In seeking dismissal of the complaints against him, Rosen argues that "the application of the nominal defendant doctrine in a securities enforcement action is strictly limited in scope to persons that: '(1) [have] received ill-gotten funds, and (2) [do] not have a legitimate claim to those funds.'" (quoting SEC v. Cavanaugh, 155 F.3d 129, 136 (2d Cir. 1998) (emphasis supplied)). He argues that because the plaintiffs have not alleged that the funds in his possession are ill-gotten, he cannot be named as a nominal defendant.

Rosen overlooks the fact that although these actions are brought under the securities laws, they are not "securities enforcement actions." As a result, he places undue emphasis on the Cavanaugh court's use of the phrase "ill gotten," a descriptor that is particular to cases in which the Government seeks to obtain disgorgement of funds that are tainted by violations of the law. See FTC v. Bronson Partners, LLC, 654 F.3d 359, 372 (2d Cir. 2011) ("[D]isgorgement is a distinctly public-regarding remedy, available only to government entities seeking to enforce explicit statutory provisions.")

Although the naming of nominal or relief defendants is common in enforcement actions, the practice is not limited to cases in which the funds at issue are tainted by misconduct. Indeed, as noted above, the paradigmatic relief defendant is a properly appointed trustee who holds legal title over property, the equitable ownership of which is in dispute. Accordingly, joinder of Rosen is proper in these cases.

II. Subject Matter Jurisdiction

Next, Rosen argues that the Court lacks subject matter jurisdiction over the plaintiffs' claims against him. Citing Aetna Life Ins. Co. v. Haworth, 300 U.S. 227 (1937), he notes that in order for a case to be justiciable, "[t]he controversy must be definite and concrete, touching the legal relations of parties having adverse legal interests." Id. at 240-41. He suggests that, in this case, no case or controversy exists in so far as he is concerned, because his conduct is not alleged to have been improper and because the plaintiffs' claims to the Holdback Fund are contingent.

Rosen's argument is misplaced. The Constitution's case-or-controversy requirement is satisfied by the plaintiffs' allegations that IEAM and its officers violated the securities laws. Rosen is joined in his capacity as a custodian of the defendants' assets for the purpose of facilitating the enforcement of any award the plaintiffs might recover.
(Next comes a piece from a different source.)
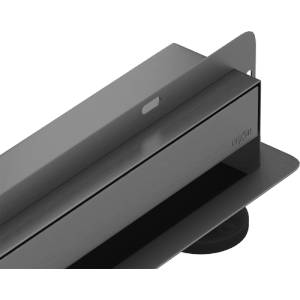 Mexen Flat Wall линеен стенен сифон 2в1 50 см, четкан Gun gray - 1E30050 (1E30050)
No cause of action is asserted against him. For this reason, the Fourth Circuit has concluded that "once the district court has acquired subject matter jurisdiction over the litigation regarding the conduct that produced the funds, it is not necessary for the court to separately obtain subject matter jurisdiction over the claim to the funds held by the nominal defendant." CFTC v. Kimberlynn Creek Ranch, Inc., 276 F.3d 187, 191 (4th Cir. 2002).

III. Improper Service

Rosen also argues that he has not been properly served in case number 11 Civ. 8470 (DLC) and that, accordingly, the claims as to him in that action should be dismissed. Rule 4(m), Fed. R. Civ. P., provides that "[i]f a defendant is not served within 120 days after the complaint is filed the court . . . must dismiss the action without prejudice against the defendant or order that service be made within a specified time." Because the complaint in this case was filed on November 22, 2011, the time for service has long since passed.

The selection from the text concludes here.